You SSD fanboys need to get a life. Sorry, but no amount of Tom's articles is going to make up for you wasting a couple hundred on an SSD drive instead of a better GPU/CPU.
Add boot-up times to the benchmarks? That's dumb. How many times a day do you boot your computer, once? I'm running Win 7 on a Athlon 64 x2 off a RAID5 running 4 Maxtor 200GB drives. Guess what, it boots in less than a minute. Even if you could boot up in 5 seconds off an SSD, how is that worth anything to the gamers that would be considering a $2000 PC (sure, with a $4000 PC, you'd have to buy SSDs, you wouldn't have anything else to spend your money on).
Face it, SSDs just are NOT practical for any setup involving a constrained budget. Gamers are not boot-time sensitive individuals. There's no real loss if Windows takes 30-more seconds to boot. There's no real loss if you have to wait an extra 30-seconds for your game to load. Gamer's are play-time sensitive. You need max FPS (frames per second) for max FPS (first person shooter) performance. Once your game data is loaded into memory, your harddrive doesn't even factor into the scenario.
SSD fanboys are like those people who say you shouldn't use CFLs because the initial current draw when you turn a CFL on is too high. Yes, CFLs have a spike when you first power them on, but this is only a momentary thing. The reduced power consumption while they are on easily makes up for that initial power draw. Its the same with SSD vs. HDD. SSD fanatics want you to focus on the 30-60 seconds extra it takes windows to boot or a game to load. They ignore the hours upon hours of game play, internet browsing, movie watching, etc... that DO NOT BENEFIT from an SSD in any way (and, with reduced capacities, are often hindered by SSDs, and usually involve buying a second HDD for storage anyway).
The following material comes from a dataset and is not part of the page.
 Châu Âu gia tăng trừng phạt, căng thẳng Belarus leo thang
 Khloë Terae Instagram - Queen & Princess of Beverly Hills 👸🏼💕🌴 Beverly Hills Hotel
Buy all the SSDs you want, but Tom's Hardware already tested and abandoned SSDs in their system builder marathons because there just wasn't a performance increase to justify it. Yeah, they could add tests that are specifically designed to show an improvement with the SSD, but they could also add tests that show improvements with HDDS (i.e. I propose that Toms include a "writing 800GB of data to a single drive test". Every SSD out there would fail, does that make the test valid?)